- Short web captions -
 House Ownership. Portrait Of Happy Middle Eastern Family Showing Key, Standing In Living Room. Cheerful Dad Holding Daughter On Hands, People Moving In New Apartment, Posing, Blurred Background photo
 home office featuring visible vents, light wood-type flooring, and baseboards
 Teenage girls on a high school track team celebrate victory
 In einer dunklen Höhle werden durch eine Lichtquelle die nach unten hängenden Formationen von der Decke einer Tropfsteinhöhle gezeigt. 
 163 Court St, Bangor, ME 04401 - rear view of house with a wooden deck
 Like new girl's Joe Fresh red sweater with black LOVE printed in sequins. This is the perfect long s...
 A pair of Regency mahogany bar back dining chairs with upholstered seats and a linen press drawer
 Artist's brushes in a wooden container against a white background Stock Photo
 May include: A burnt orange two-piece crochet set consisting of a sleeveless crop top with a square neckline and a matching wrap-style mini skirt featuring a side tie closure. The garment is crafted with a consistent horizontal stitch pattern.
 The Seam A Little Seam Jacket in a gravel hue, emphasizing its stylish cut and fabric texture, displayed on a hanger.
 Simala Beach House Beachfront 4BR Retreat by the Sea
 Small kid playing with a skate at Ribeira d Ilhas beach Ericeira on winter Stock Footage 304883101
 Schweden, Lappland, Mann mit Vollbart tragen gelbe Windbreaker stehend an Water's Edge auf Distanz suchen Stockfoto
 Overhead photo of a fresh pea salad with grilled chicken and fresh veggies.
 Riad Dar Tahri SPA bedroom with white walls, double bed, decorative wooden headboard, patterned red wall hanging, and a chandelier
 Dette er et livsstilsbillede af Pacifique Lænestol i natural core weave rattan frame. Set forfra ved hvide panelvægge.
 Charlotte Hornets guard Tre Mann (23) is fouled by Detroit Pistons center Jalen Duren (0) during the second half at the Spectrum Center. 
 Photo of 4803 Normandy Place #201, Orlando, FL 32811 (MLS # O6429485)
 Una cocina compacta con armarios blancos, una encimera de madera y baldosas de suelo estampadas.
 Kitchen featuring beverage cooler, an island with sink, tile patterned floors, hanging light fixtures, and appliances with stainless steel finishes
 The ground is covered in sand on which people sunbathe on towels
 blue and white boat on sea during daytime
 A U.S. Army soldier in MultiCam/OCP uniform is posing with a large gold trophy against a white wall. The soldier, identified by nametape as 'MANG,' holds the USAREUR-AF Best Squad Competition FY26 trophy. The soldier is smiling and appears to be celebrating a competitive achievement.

- EXERCISE PROMPT -
Only lines holding the word "with" belong in the answer; copy all of them from the records.

- SOLUTION -
 163 Court St, Bangor, ME 04401 - rear view of house with a wooden deck
 Like new girl's Joe Fresh red sweater with black LOVE printed in sequins. This is the perfect long s...
 A pair of Regency mahogany bar back dining chairs with upholstered seats and a linen press drawer
 May include: A burnt orange two-piece crochet set consisting of a sleeveless crop top with a square neckline and a matching wrap-style mini skirt featuring a side tie closure. The garment is crafted with a consistent horizontal stitch pattern.
 Small kid playing with a skate at Ribeira d Ilhas beach Ericeira on winter Stock Footage 304883101
 Overhead photo of a fresh pea salad with grilled chicken and fresh veggies.
 Riad Dar Tahri SPA bedroom with white walls, double bed, decorative wooden headboard, patterned red wall hanging, and a chandelier
 Kitchen featuring beverage cooler, an island with sink, tile patterned floors, hanging light fixtures, and appliances with stainless steel finishes
 A U.S. Army soldier in MultiCam/OCP uniform is posing with a large gold trophy against a white wall. The soldier, identified by nametape as 'MANG,' holds the USAREUR-AF Best Squad Competition FY26 trophy. The soldier is smiling and appears to be celebrating a competitive achievement.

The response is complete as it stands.